Amanda Boyden’s “I Got the Dog” Is a Fierce, Funny Account of Marriage to a Fraud

Amanda Boyden’s “I Got the Dog” Is a Fierce, Funny Account of Marriage to a Fraud

Novelist Amanda Boyden’s searing new book I Got the Dog: A Memoir of Rising is roaring up the Canadian bestsellers list.


Born in Minnesota and educated at the University of New Orleans, Boyden has done everything from slinging hash to performing as a trapeze artist known as “Lady Hummingbird.”

She’s published bestselling novels – Pretty Little Dirty (Vintage – 2006) and Babylon Rolling (Pantheon – 2008) – before embarking on her memoir.

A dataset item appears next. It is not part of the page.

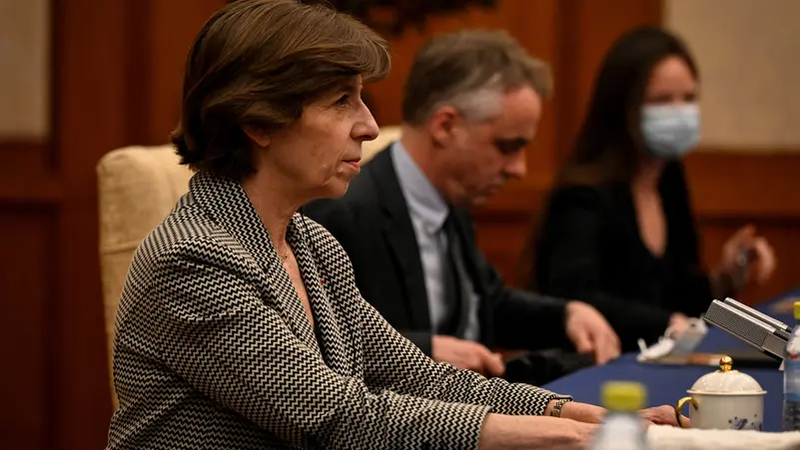 وزيرة خارجية فرنسا تجري مباحثات في بكين مع نظيرها الإيراني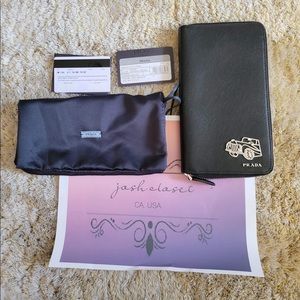 Prada Long wallet black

Dog offers the reader – among other things – a devastatingly powerful account of a sexual assault as well as the psychic assault of a marriage gone desperately wrong.

Skinny Jackson recently had a virtual sit-down with Boyden and discussed everything from Shakespeare to writing to betrayals of the heart – and how, when life kicks you in the teeth, you get back up and get back to it.

You have a successful career as a novelist, why a memoir at this point in your career?

I’d been bouncing around for a number of years, working primarily on screenplays and adaptations, a bit of journalism here and there, and a requested collection of poems for a dying friend.

I also had two novels-in-progress (both finalists in the William Faulkner – William Wisdom Competition) but, after the break-up of my marriage, I simply couldn’t find the stomach to return to pre-existing work. No doubt I was craving something new at large, but I’d also considered the Me Too movement as a motivating force to tell my story, part of it from a long time ago, part of it recent.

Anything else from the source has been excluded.